Este no es un libro sobre la ciencia del calentamiento, sino sobre lo que este implica para el modo en que vivimos en este planeta. Pero ¿qué dice la ciencia? Se trata de una investigación complicada, porque se erige sobre dos capas de incertidumbre: qué harán los humanos, sobre todo en cuanto a la emisión de gases de efecto invernadero, y cómo responderá el clima, tanto directamente en forma de calentamiento como a través de toda una variedad de procesos de realimentación más complejos, y en ocasiones contradictorios. Pero, aun empañada por ese nivel de incertidumbre, es una investigación muy clara; aterradoramente clara, de hecho. El Grupo Intergubernamental de Expertos sobre el Cambio Climático de Naciones Unidas (IPCC, por sus siglas en inglés) ofrece los análisis de referencia sobre el estado del planeta y la trayectoria más probable del cambio climático (de referencia, en parte, porque son unos análisis conservadores, que incorporan solo los nuevos resultados que superan el listón de la indiscutibilidad). Se espera que publique un nuevo informe para 2022, pero el más reciente afirma que si actuamos sobre las emisiones pronto, poniendo en práctica de inmediato todos los compromisos que se asumieron en los acuerdos de París, pero que aún distan mucho de haberse implementado en ningún país, lo más probable es que alcancemos en torno a los 3,2 grados de calentamiento,[29] unas tres veces más que todo el que ha experimentado el planeta desde los inicios de la industrialización, lo cual no solo introduciría el inimaginable colapso de las plataformas de hielo en el ámbito de lo posible, sino que lo traería al presente.[30] Esto provocaría la inundación de Miami y Dhaka, pero también de Shangai, Hong Kong y otras cien ciudades de todo el mundo.[31] Se dice que el punto de inflexión para dicho colapso se sitúa en torno a los dos grados; según varios estudios recientes, incluso el rápido cese de las emisiones de CO2 podría llevarnos a un calentamiento de esa magnitud para finales de siglo.[32]
Pero los estragos del cambio climático no acaban en 2100 solo por el mero hecho de que la mayoría de los modelos, por convención, no vayan más allá de esa fecha. Este es el motivo por el que algunos de los estudiosos del calentamiento global se refieren a lo cien años que tenemos por delante como «el siglo infernal».[33] El cambio climático es rápido, mucho más rápido de lo que, al parecer, somos capaces de reconocer y admitir; pero también es largo, casi más largo de lo que podemos imaginar realmente.
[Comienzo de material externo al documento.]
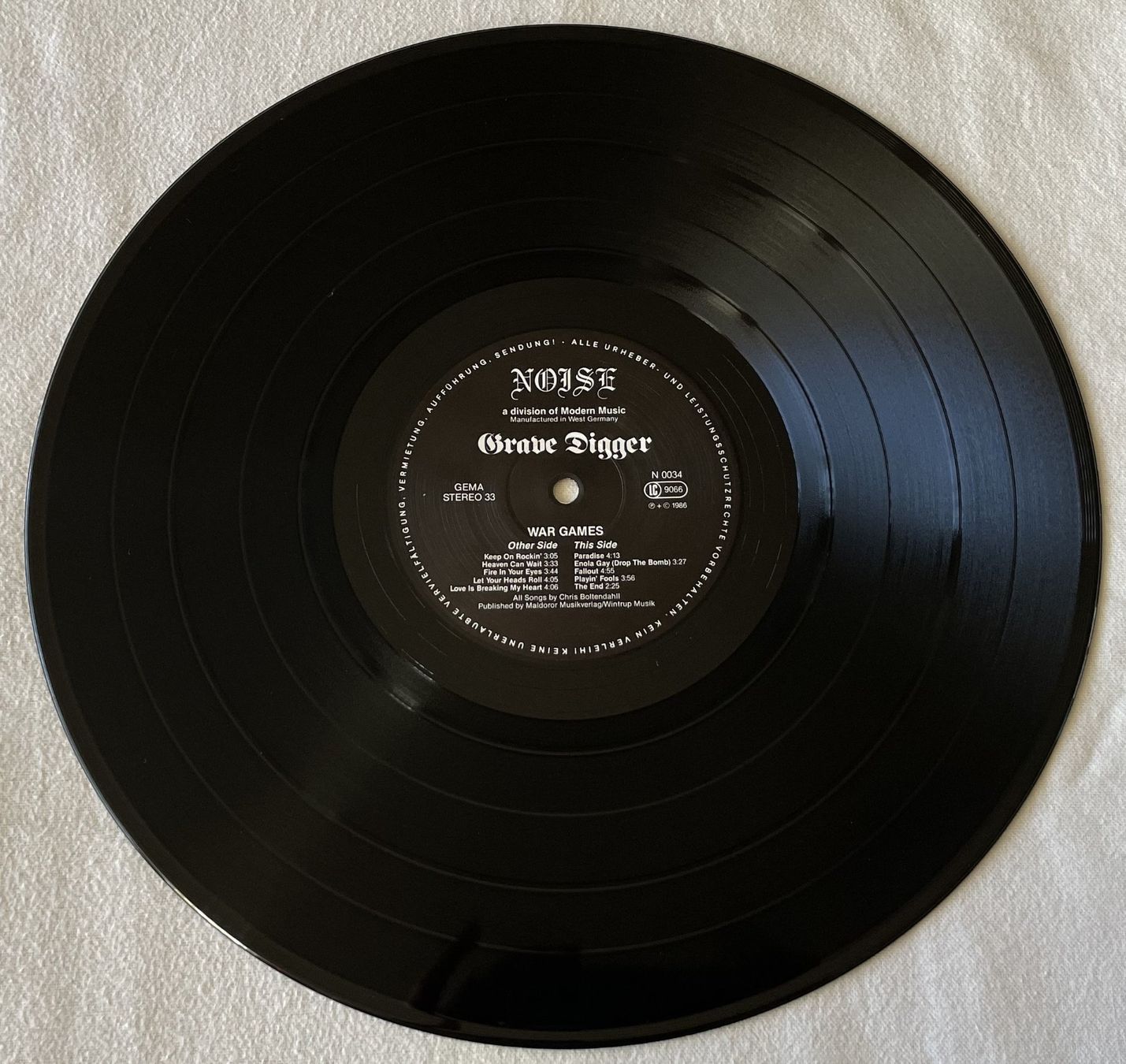 Dischi in vinile: Grave Digger - War Games - LP - 1986 - First Press - OIS – Usato da Uster venduto da Zardodel 3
Si leemos sobre el calentamiento, nos toparemos a menudo con analogías referentes al registro planetario, una lógica según la cual la última vez que el planeta estuvo a una temperatura tan alta, los niveles del mar llegaban hasta cierto punto. Estas condiciones no son una coincidencia. El mar tenía ese nivel en gran medida porque la temperatura del planeta era así de alta, y el registro geológico es el mejor modelo de que disponemos para entender el sistema climático en toda su complejidad y para calibrar la dimensión de los daños que provocaría un aumento de dos, cuatro o seis grados. Por este motivo, es especialmente preocupante que las investigaciones recientes sobre la historia profunda del planeta indiquen que nuestros modelos climáticos actuales podrían estar subestimando hasta en la mitad la magnitud del calentamiento que cabe esperar de aquí a 2100.[34] Dicho de otro modo: las temperaturas podrían aumentar, en última instancia, hasta el doble de lo que el IPCC predice. Aunque alcanzásemos nuestros objetivos de emisiones de París, aún podríamos tener un calentamiento de cuatro grados, lo que implicaría un Sáhara verde, y que los bosques tropicales del planeta acabasen convertidos en una sabana asolada por incendios.[35] Los autores de un artículo reciente sugirieron que el calentamiento podría ser más drástico aún: aunque redujésemos las emisiones, podríamos llegar a entre cuatro y cinco grados centígrados, un escenario que en su opinión conllevaría graves riesgos para la habitabilidad del planeta entero. «Tierra invernadero», lo llamaban.[36]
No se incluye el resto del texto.